Question 1: Im loading 1 hour bar data. Can I resample from 1 hour bars to 90 minute bars, like this?:
data = bt.feeds.GenericCSVData( dataname='./data/VXX-1h-2016-08-09us.csv', #1 hour bars timeframe=bt.TimeFrame.Minutes, compression=60, sessionstart=datetime.time(9, 30), sessionend=datetime.time(15, 0)) #souce resolution is a higher timeframe than destination resolution - does that work? cerebro.resampledata(data, timeframe=bt.TimeFrame.Minutes, compression=90)
Question 2: Im loading 15min bar data. Can i resample from 15min bars to 120min bars like this?:
data = bt.feeds.GenericCSVData( dataname='./data/VXX-15m-2016-08-09us.csv', #15 minute bars timeframe=bt.TimeFrame.Minutes, compression=15, sessionstart=datetime.time(9, 30), sessionend=datetime.time(16, 0)) #souce resolution is divisible with destination resolution - is that a requirement? cerebro.resampledata(data, timeframe=bt.TimeFrame.Minutes, compression=120)
Question 3: Im loading 15min bar data. Can i resample from 15min bars to 50min bars like this?:
data = bt.feeds.GenericCSVData( dataname='./data/VXX-15m-2016-08-09us.csv', #15 minute bars timeframe=bt.TimeFrame.Minutes, compression=15, sessionstart=datetime.time(9, 30), sessionend=datetime.time(16, 0)) #souce resolution is indivisible with destination resolution - does that work? cerebro.resampledata(data, timeframe=bt.TimeFrame.Minutes, compression=50)

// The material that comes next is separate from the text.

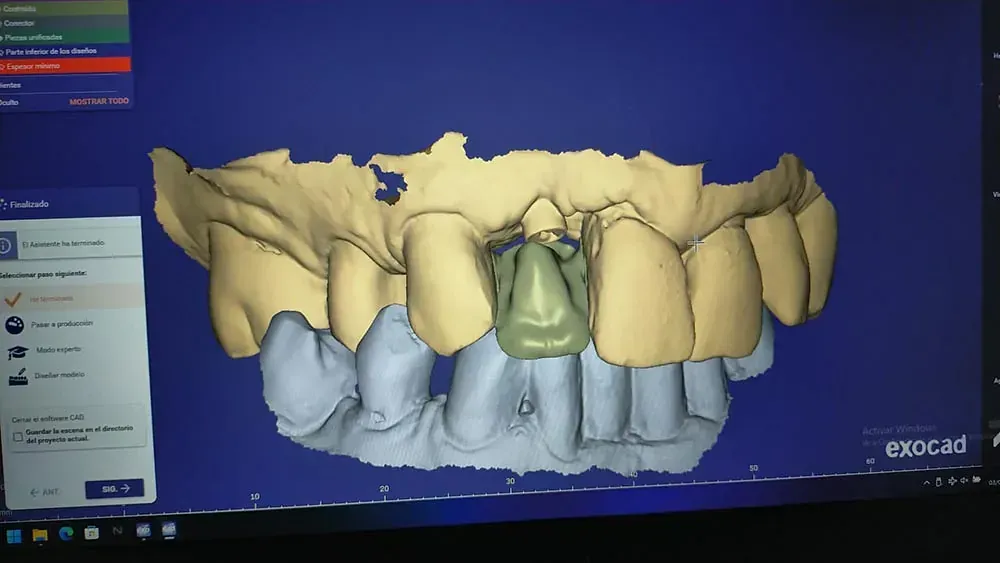 Una pantalla de computadora muestra un modelo 3D de los dientes de una persona.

Question 4: Using NASDAQ as an example trading session starts 9.30 and ends 16.00 and my feed data consists of 1 hour bars with first daily bar at 10.00 last daily bar at 15.00. Should sessionstart and sessionend be set:
#the data's trading hours sessionstart=datetime.time(10, 0), sessionend=datetime.time(15, 0)
Or:
#the exchange's actual trading hours sessionstart=datetime.time(9, 30), sessionend=datetime.time(16, 0)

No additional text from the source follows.